Tuesday, 23 October 2012

Cities in the Sky


Cities in the Sky
People first built tall for religious reasons. Egypt’s Great Pyramid of Cheops at al-Jeeza has a height of 146m, and for about 3,500 years it remained the highest structure in the world. Then, around 1,000 years ago, European cathedrals started reaching similar heights – still for religious reasons.  
     A century ago, people had a new reason for building higher: business. By the 1920s,Manhattan Island, New York, had become the world’s business capital. Companies were getting bigger, but space was limited and very expensive. The only way to grow was higher.
The 312-metre, A-shaped Eiffel Tower, with its steel frame, had pointed to the future at the Paris Exhibition of 1889. Taller and taller new buildings, with strong steel frames, started to appear in New York. Skyscrapers had come to stay.

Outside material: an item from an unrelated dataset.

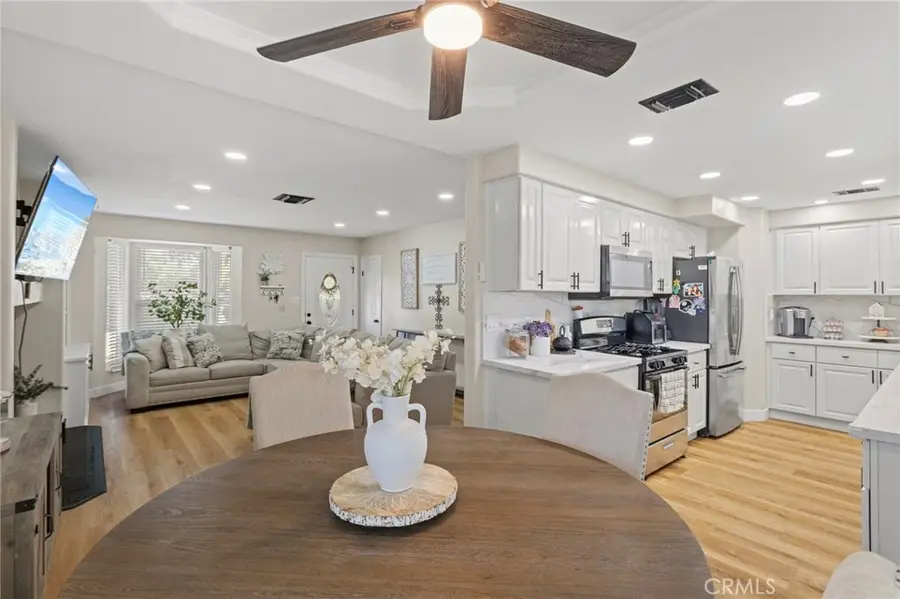 1443 E Devonshire Avenue, Hemet, CA 92544 - Image #3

   Our competitive nature soon became another reason to build high. The beautiful top of the Chrysler Building (319m) appeared above Manhattan in 1930, but then in 1931 the square sided Empire State Building raced past to 449m. Later, the competition to be the tallest spread worldwide. In 1996, the Petronas Twin Towers (452m) opened in Malaysia. Then in 2004 came Taipei 101 (508m) in Taiwan. Now, Burj Dubai (over 705m), brings the record back to the Arab World. This thin, silver-blue building is definitely about prestige as much as business. Its developers believe it represents the new Middle East: dynamic, rich and successful.
   Today, there is another reason to build tall: living space. The world’s population will reach eight billion by 2020, and over half now live in cities. Some city populations will soon approach 30 million, and these huge communities take a lot of space – space that we need for other things, including food production for all these people.

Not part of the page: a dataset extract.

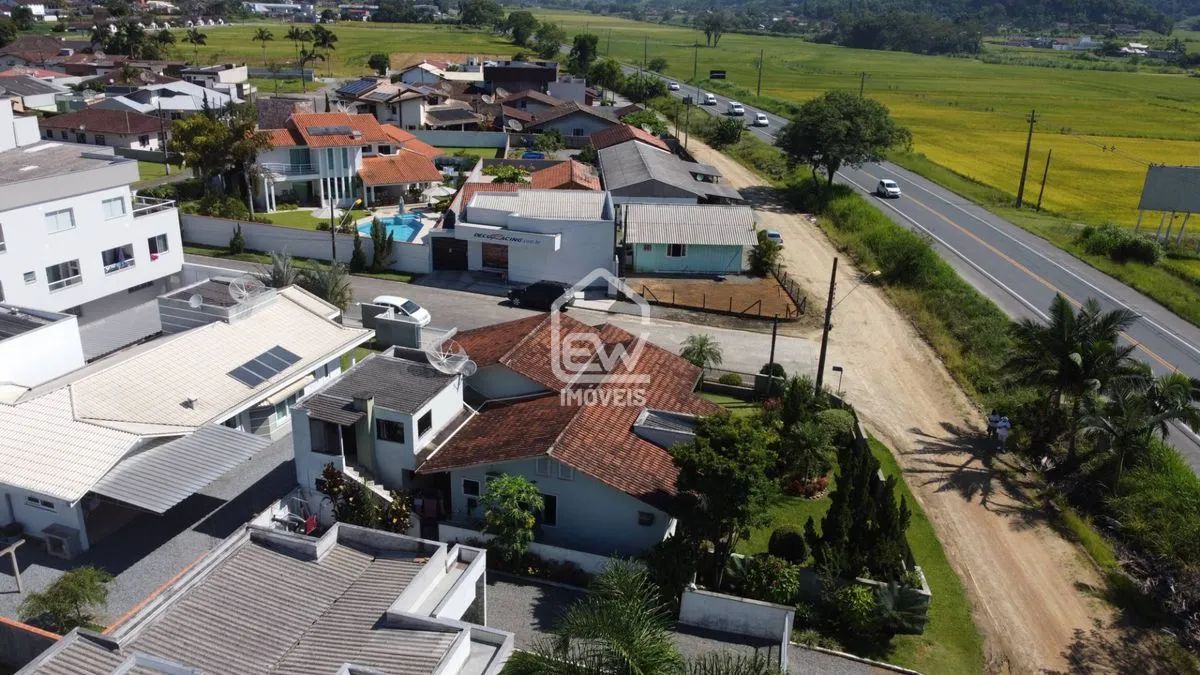 Casa Térrea à Venda no Centro de Massaranduba, SC - Foto 5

      Shanghai, one of the world’s biggest cities, has brought in a Spanish team of architects to discuss a possible answer to the problem – a truly amazing tower. If the project is agreed, it will take 15 years to build and will be 1.14km tall. To help protect it from earthquakes, its foundations will travel 215 metres into the ground like enormous tree roots.

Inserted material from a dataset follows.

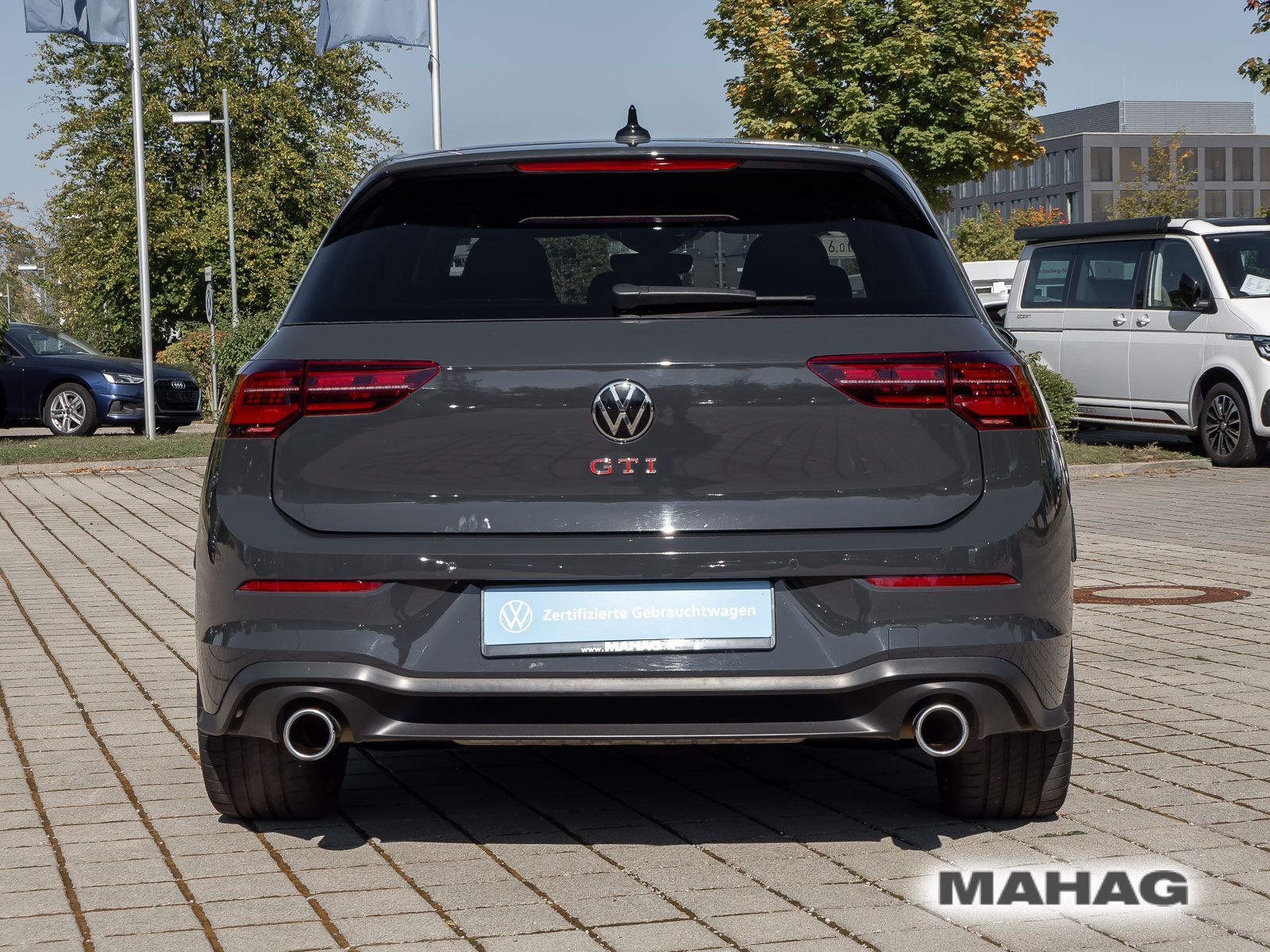 Volkswagen Golf 2023 г. Серый, пробег 31933 км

     Its kilometre-wide, wheel-shaped base will contain huge car parks and shopping centres. Higher up, the building will have hotels ,offices, cinemas, schools and hospitals – and apartments for100,000 people. Lifts – 368 altogether – will carry them home from a shopping trip to the top of the tower in two minutes.
It will be a complete city in the sky.
     If this social and architectural revolution succeeds, there may one day be thousands of similar towers around the world.